Bazı önemli tespitler
“Deccal bir transhumanist olacaktır. İnanışlarına göre, insan (human) denilen varlık geri bir varlıktır ve teknolojinin ulaştığı yeni durumun imkanları ile insan; kendi eli ile bu geri varlığı evrimleştirmelidir. İskelet yapısı, iç organları, bazı uzuvları daha iyisi ile değiştirilebilir. Onlara göre “modifiye” edilebilir. Bunun için kullandıkları tabir “Human Enhancement”; yani insan bedeninin sınırlarının aşılmasıdır.”
“Ray Kurzweil -çok enteresandır- transhumanizm tabirini kullanmaz ve bu kavrama taraftar değildir. Singularity kavramının kullanılması gerektiğine inanır ve bunun gayretini gösterir. Kurzweil’e göre “transhuman”tabiri hatalı bir mantıktan kaynaklanır. İnsan (human) zaten devamlı sınırları aşan varlığı ifade eder. Yani avamca konuşacak olursak, tek hücrelilerden insana kadar, evrim aşamasının her bir bölümünde, bir üst seviyeye geçebilen, o insanlık özüdür. Sanki, insan “sınırları aşabilen varlık” demektir.“Enhancement” yani… Singularity ise insan olarak tanımladığımız varlığın bir sonraki safhasına geçişidir. Kurzweil o tabiri kullanmasa da, açıklayıcı olduğu için transhumanistlerden ödünç alırsak, “posthuman” (insan sonrası) safhasına geçiştir.”

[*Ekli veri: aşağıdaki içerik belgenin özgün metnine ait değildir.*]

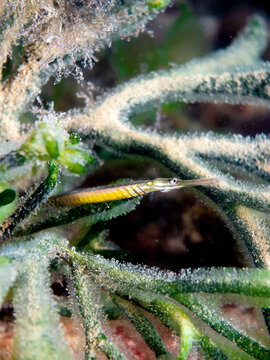 Widebody Pipefish, Stigmatopora nigra, Port Phillip Bay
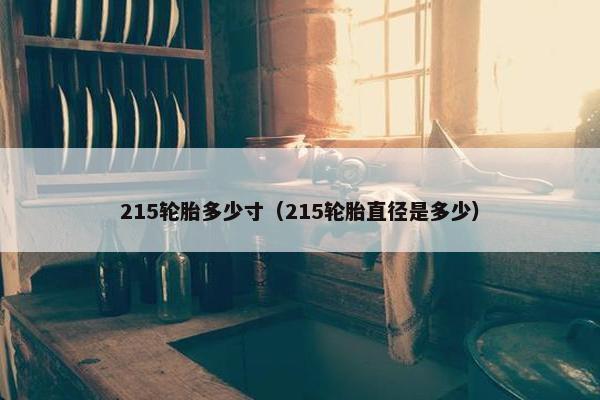 215轮胎多少寸（215轮胎直径是多少）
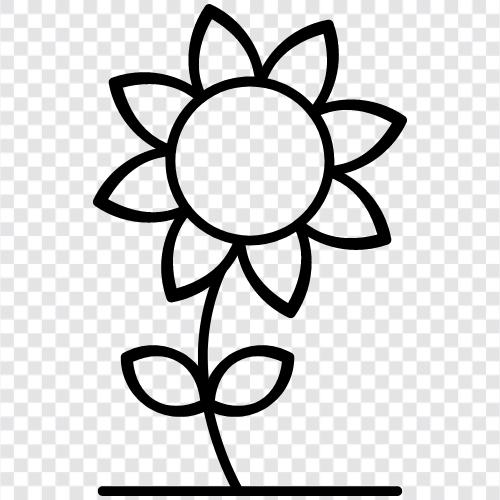 Sonnenblumen, Sonnenblumenkerne, Sonnenblumenöl, Sonnenblumenbutter symbol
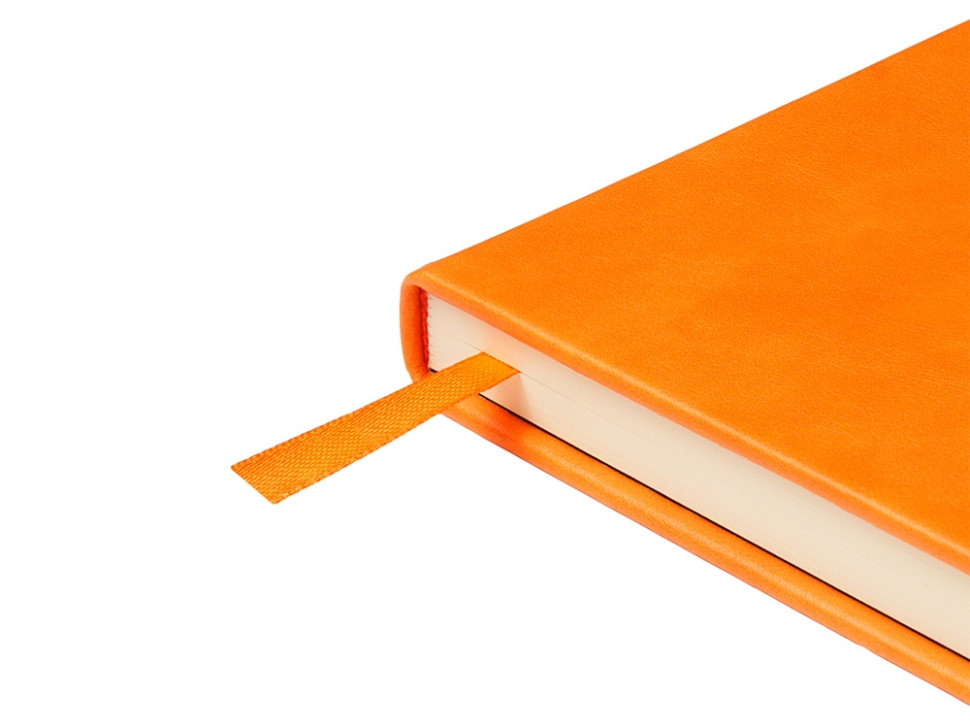 Ежедневник недатированный А5 Premier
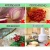 Import Multifunction Ginger Garlic Shredder Stainless Steel Hand Pressing Chopper Cut Onion Vegetable Tools Kitchen Tool from China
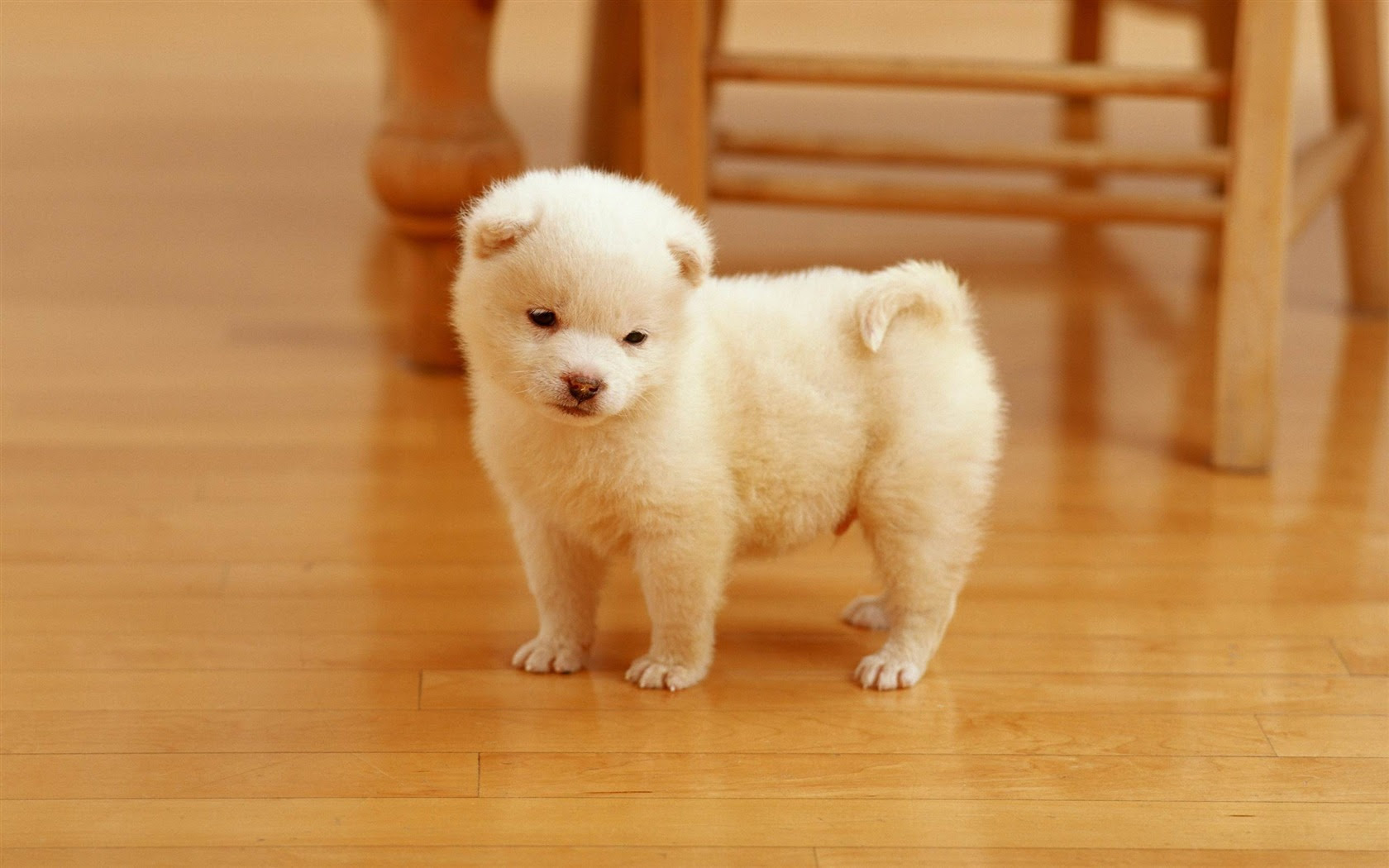 優雅 かわいい 子犬 画像 イラスト 写真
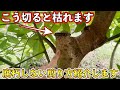 【注意】太い枝,この切り方してませんか?ここから木が枯れます.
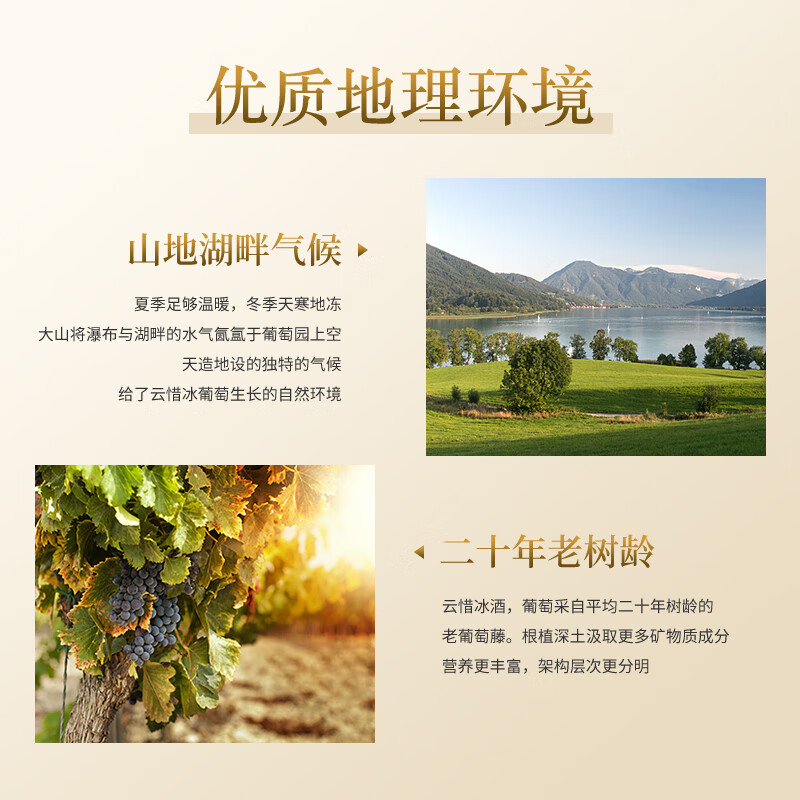 云惜（Yancy Icewine）加拿大冰酒酒庄 晚摘甜红葡萄酒 375ml单瓶礼盒装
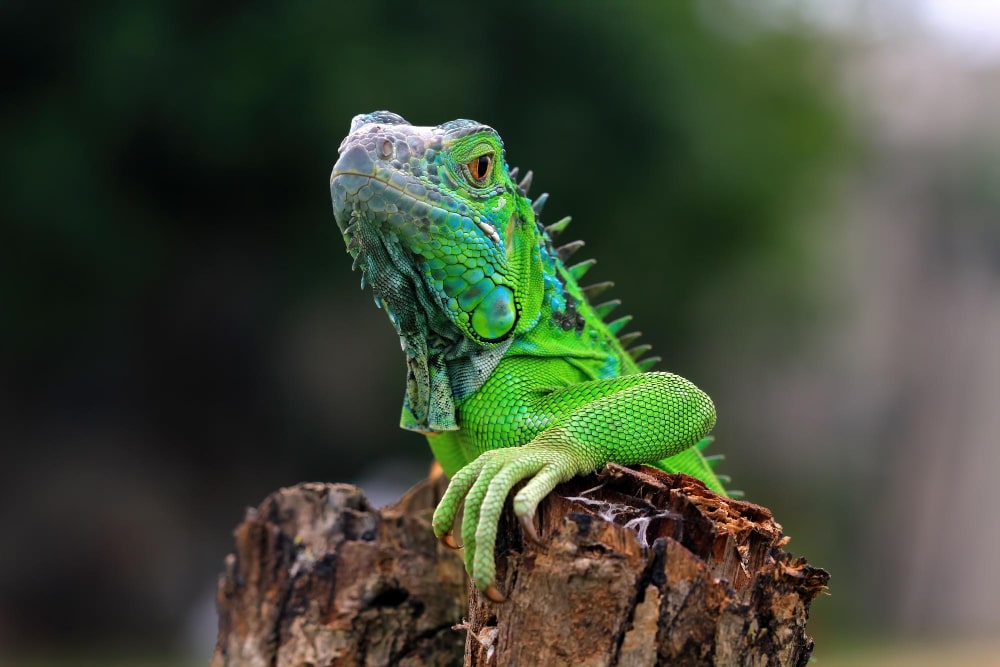 iguana image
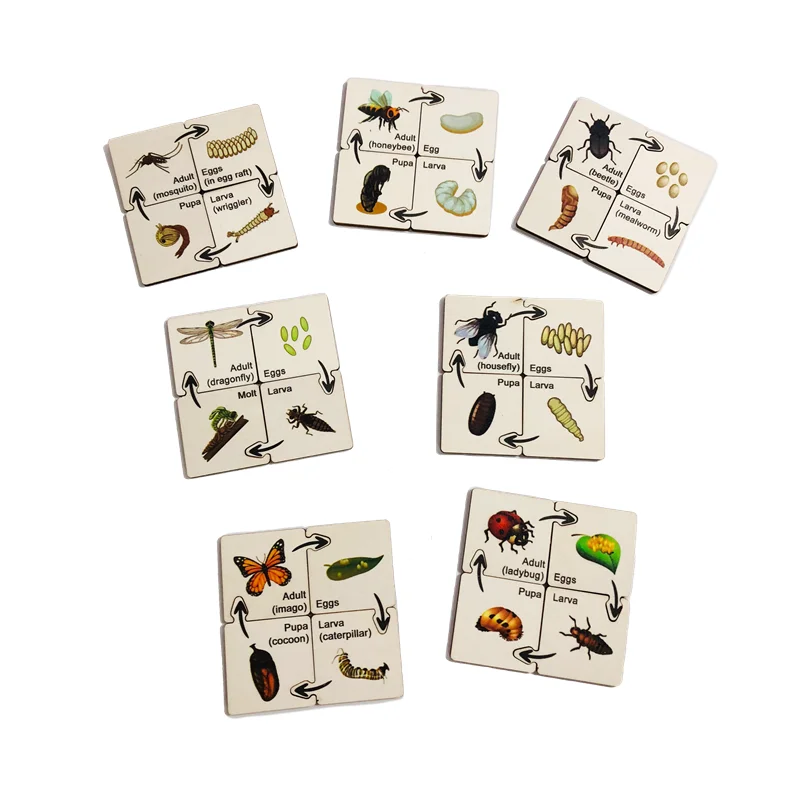 Montessori Life Cycle Puzzles Butterfly/ Honeybee/ Ladybug/ Mosquito/ Dragonfly/ Housefly/ Beetle Biology Materials, Set of 7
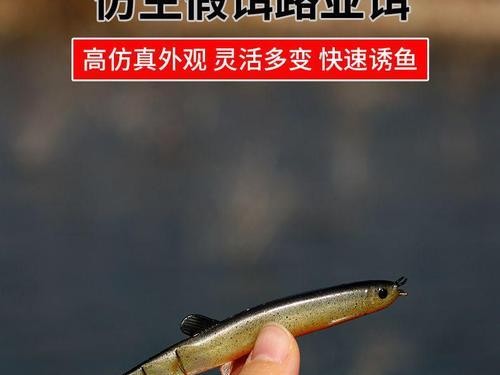 路亚活泥鳅钓鱼的最佳钩型选择（选择适合路亚活泥鳅钓鱼的钩型，关键在于细致观察和合理搭配）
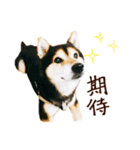 黒柴りゅうの日常（個別スタンプ：9）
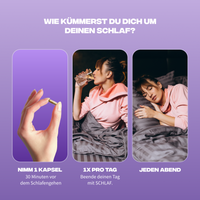 sommeil posologie 1 gelule 30 min avant dormir tous les soirs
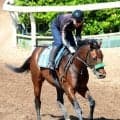 【三宮Ｓ・松ケ下の特注馬】驚異の連対率１００％継続中！グランドプラージュがここも不動の軸か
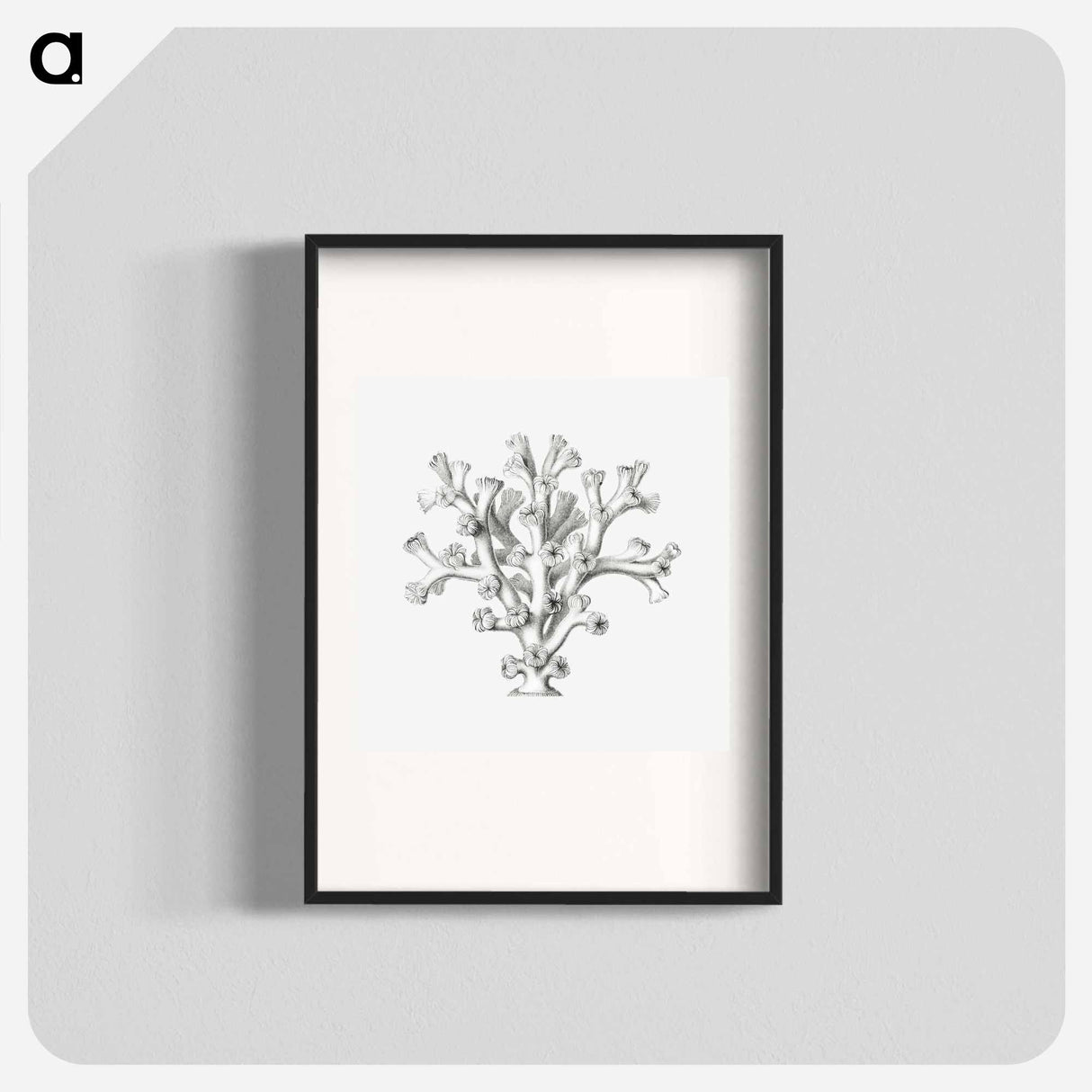 Vintage coral illustration on white background - エルンスト ヘッケル Poster.
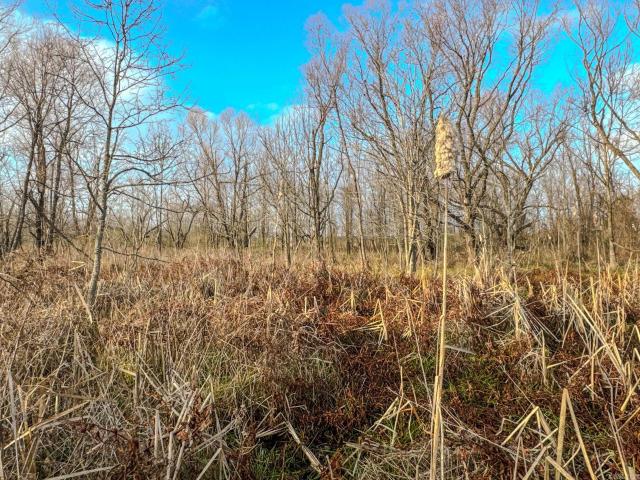 Land for sale in Ark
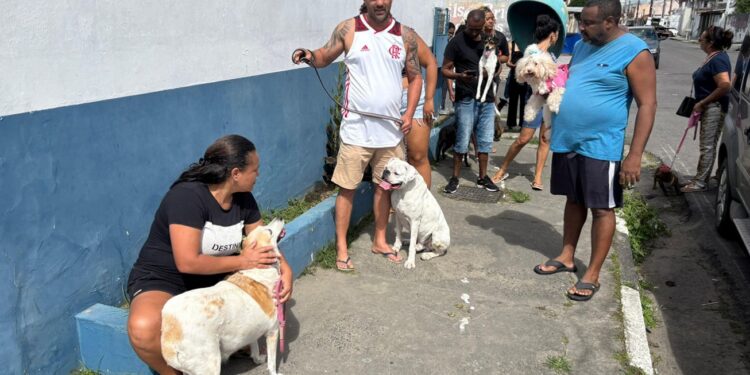 Feira inicia campanha de vacinação antirrábica neste sábado (25) com mobilização em oito bairros
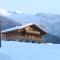 Chalet des Cascades - Sixt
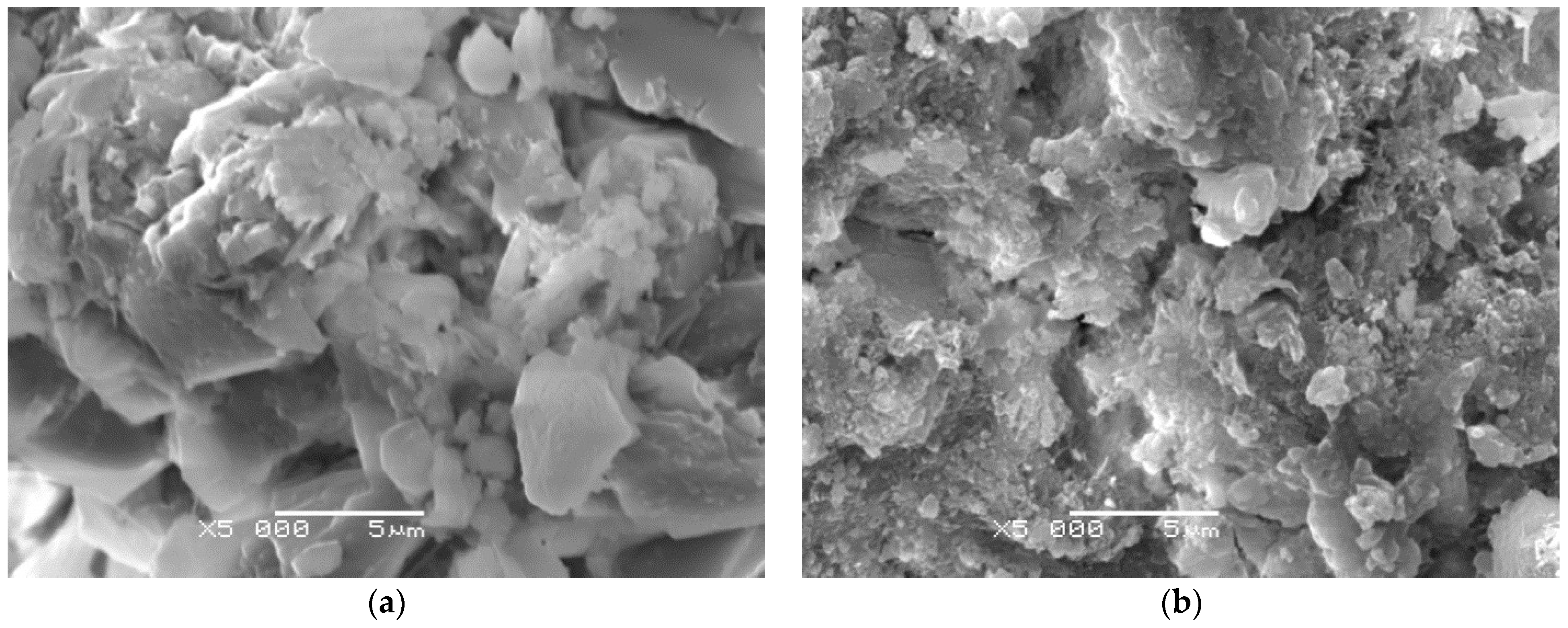 Materials 14 04441 g012 550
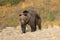 Grizzly Bear Walking at sunrise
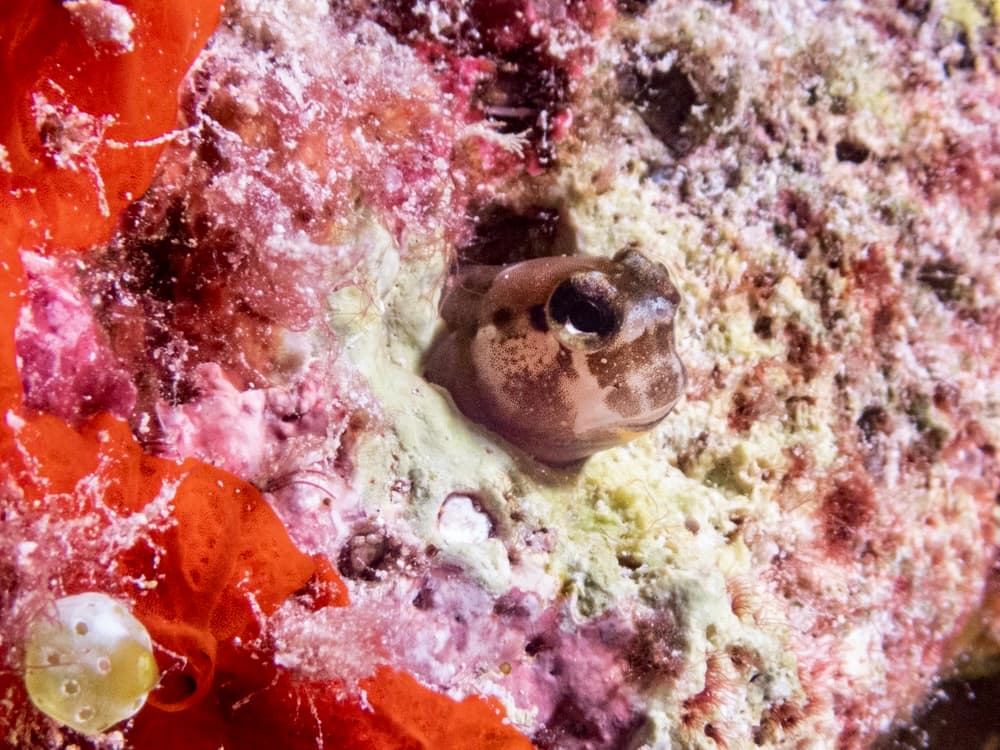 blenny in hole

“Kurzweil kendi iddialarında çok tutarlı. Kendi içinde net bir senaryosu var. Zahir, batın, evvel ve ahir dörtlüsü ile senaryosunu ya da felsefesini çerçevelemiş.”
“Kurzweil’ın tutarlılığı sadece kendinden kaynaklanmıyor. Kadim bir öğretinin, farklı bir formatta gerçekleştirilmesinin önemli bir memuru olmasından kaynaklanıyor. Singularity ve Kurzweil’i anlamak için Neoplatonizm’i, Spinoza’yı ve İslamî kültür içine sızan şekliyle “Ukûl-u aşere” (on akıl) düşüncesini bilmek zorundayız. Singularity, eski bir düşüncenin çağımıza uyarlanmış ve güncellenmiş yeni bir formudur. Dikkatlice bakanlar, süslü, dijital bir perdenin ardındaki o eski yüzü görebilirler.”
“Transhumanistler ve Singulariteryenler arasında ekol farklılıkları olduğuna bir nebze değindik. Bu ekol farklılığının, büyük senaryoyu gerçekleştirecek kurmaylar açısından zaman zaman değerlendirileceğine inanıyorum. Zaman gelir, transhumanizm ön plana çıkar, zaman gelir Singularity… Çünkü özü ve argümantasyonu itibariyle transhumanizm şu an kabul edilmeye daha hazır bir görüş. Singularity ise bir masal tadı veriyor bazıları için. Hatta, Jaron Lanier’in Singularity için “rapture of nerds” tanımlaması çok meşhurdur. Dolayısı ile saygın kabul edilen mahfillerde; bilim adamları, siyaset bilimciler vs.. tarafından transhumanizm tabiri daha çok kullanılacak ve tartışılacaktır.”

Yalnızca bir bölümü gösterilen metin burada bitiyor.